Sono andato dal mio nutrizionista di fiducia. Quando ci torno dopo un lungo periodo di assenza, nel profondo so che non posso mentire. Di fronte a questa figura quasi mitologica devo essere onesto, aprendo il cuore e chiudere lo stomaco.
Ricorda: lui conosce più cose di te di quante tu stesso sappia. È un baluardo, un punto di riferimento non solo per la tua vita atletica, ma anche per quella quotidiana. È il cardine attorno al quale ruotano le tue incertezze, le paure e le ansie legate al cibo.
La visita di controllo post-vacanze ti trova in una delle seguenti due condizioni:
- hai mangiato di tutto negli ultimi tre mesi;
- hai mangiato di tutto negli ultimi tre mesi, ma non ti importa.
In entrambi i casi, più che un controllo nutrizionale, diventa una seduta psicologica: un tentativo di compensare gli spritz, le sagre, le feste fino a tarda notte, e l’immancabile “mangiamoci qualcosa” pronunciato dall’amico ubriaco e molesto.
Quando sali sulla sua bilancia, sei convinto che quella di casa sia più precisa e meno severa. Ti convinci che perfino le mutande che indossi facciano la differenza, e ti giustifichi dicendo che “è proprio una giornata no”.

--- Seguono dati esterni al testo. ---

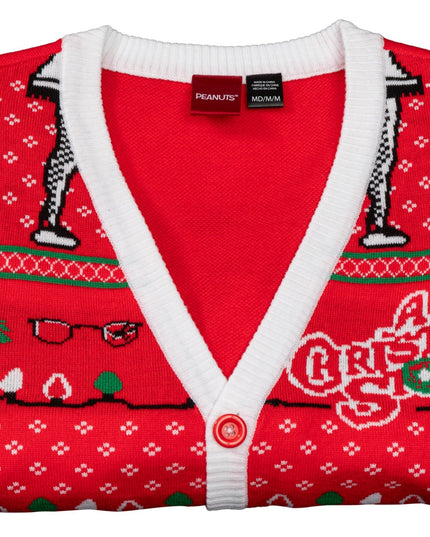 A Christmas Story Leg Lamp Button Up Cardigan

Ma lui, impassibile, ti osserva serafico e decreta cosa dovrai mangiare nelle prossime quattro settimane. Tra ansia e frustrazione, lo saluti senza riuscire a guardarlo negli occhi.
Uscendo dal suo studio ti senti come un eretico dopo la Santa Inquisizione, stringendo tra le mani il foglio con la nuova dieta. Triste, sconfortato e stanco.
Rimpiangi i litri di birra con gli amici, le cene salentine, i rifugi alpini a Ferragosto dove ti convincevi che faceva freddo e dovevi “reintegrare”.
La visita dal nutrizionista è un dramma umano moderno: è una resa, la Waterloo di chi, superati i cinquant’anni, vede il tramonto avvicinarsi. Solo la lasagna di mamma potrà salvarti da un immeritato esilio dalla tavola di casa.